Plus sur le lieutenant-colonel de l’armée, qui s’occupait de menaces terroristes et refusait toujours un permis de pistolet dissimulé, est disponible ici .

Comté de Suffolk, New York , 30 mars 2017

L’ancien directeur d’un club de strip-tease de Huntington Station qui a aidé à envoyer des membres du Pagans Outlaw Motorcycle Club en prison il y a deux décennies a poursuivi le comté de Suffolk et le commissaire de police Timothy Sini, affirmant que les autorités ont refusé illégalement sa demande de permis de pistolet dissimulé l’année dernière.

Sean McCarthy, dont le procès a déclaré être un témoin clé contre les païens, prétend qu’il veut le permis parce qu’il craint des représailles.

Washington, DC 2016

 » [Les agents des services correctionnels] Robert Smith, Ronald DuBerry, Harold Bennette et Maurice Curtis ont tous déclaré qu’ils recevaient régulièrement des menaces des détenus qu’ils avaient gardés, leurs demandes de licences de transport caché ont été refusées. « 

Cette affaire est particulièrement troublante parce que non seulement ces individus recevaient régulièrement des menaces de mort, mais ils étaient des agents de police à la retraite qui étaient couverts par LEOSA et auraient pu être transportés simplement parce qu’ils avaient servi dans l’application de la loi depuis plus de 10 ans.

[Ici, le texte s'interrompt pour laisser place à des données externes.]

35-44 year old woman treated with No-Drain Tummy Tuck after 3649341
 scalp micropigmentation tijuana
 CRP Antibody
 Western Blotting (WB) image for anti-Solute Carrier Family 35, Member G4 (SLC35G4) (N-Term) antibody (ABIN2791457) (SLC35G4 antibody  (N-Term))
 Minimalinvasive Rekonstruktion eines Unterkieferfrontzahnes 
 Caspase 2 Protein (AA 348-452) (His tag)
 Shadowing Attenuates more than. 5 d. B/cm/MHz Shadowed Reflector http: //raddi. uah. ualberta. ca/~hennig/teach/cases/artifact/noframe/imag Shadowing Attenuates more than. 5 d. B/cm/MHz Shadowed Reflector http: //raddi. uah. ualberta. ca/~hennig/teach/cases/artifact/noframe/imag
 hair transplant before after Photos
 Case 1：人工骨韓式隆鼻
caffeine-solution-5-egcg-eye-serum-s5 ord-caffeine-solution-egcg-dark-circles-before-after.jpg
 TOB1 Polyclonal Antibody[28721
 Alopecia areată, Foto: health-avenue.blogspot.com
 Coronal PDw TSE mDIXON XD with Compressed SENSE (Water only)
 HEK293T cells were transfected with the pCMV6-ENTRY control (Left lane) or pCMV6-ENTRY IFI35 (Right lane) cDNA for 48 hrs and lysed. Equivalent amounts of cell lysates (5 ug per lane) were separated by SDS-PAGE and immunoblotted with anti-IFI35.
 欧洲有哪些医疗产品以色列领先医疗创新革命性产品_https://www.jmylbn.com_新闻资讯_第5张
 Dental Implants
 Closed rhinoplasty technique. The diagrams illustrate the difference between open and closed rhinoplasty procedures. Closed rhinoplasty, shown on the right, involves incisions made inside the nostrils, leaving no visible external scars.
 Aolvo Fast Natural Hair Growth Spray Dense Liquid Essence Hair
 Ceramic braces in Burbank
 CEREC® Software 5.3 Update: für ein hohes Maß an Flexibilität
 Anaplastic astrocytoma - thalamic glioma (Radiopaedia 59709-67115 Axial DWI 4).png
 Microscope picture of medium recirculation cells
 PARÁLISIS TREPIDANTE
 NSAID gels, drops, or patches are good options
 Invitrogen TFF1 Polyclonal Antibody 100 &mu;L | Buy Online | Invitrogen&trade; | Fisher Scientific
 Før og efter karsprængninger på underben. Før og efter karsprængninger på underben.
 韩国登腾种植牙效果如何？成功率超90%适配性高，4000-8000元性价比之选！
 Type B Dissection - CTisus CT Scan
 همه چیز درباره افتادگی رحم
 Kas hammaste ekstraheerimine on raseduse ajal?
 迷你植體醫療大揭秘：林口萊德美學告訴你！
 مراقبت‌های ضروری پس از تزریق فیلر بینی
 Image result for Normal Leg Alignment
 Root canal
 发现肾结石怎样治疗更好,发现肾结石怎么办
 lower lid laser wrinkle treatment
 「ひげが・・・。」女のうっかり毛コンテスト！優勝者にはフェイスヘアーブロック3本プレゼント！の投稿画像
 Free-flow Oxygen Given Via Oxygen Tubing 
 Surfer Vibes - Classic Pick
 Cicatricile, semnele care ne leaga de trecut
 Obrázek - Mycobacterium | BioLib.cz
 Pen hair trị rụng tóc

Certains États «susceptibles d’émettre» tels que le Maryland et Hawaï rendent impossible ou pratiquement impossible d’obtenir un permis de transport malgré les menaces de mort. Par exemple, au Maryland, voici la norme:

Il doit y avoir des preuves documentées de menaces, de vols et / ou d’agressions récents, appuyés par des rapports de police officiels ou des déclarations notariées de témoins.

Dans le cas d’Hawaï, les permis n’ont pas été délivrés depuis au moins 2006 . Cela implique que ni personne n’a fait face à une menace de mort ni qu’il souhaitait se protéger d’une arme de poing dissimulée, ou ils ont fait face à de telles menaces, mais aucun permis n’a été délivré.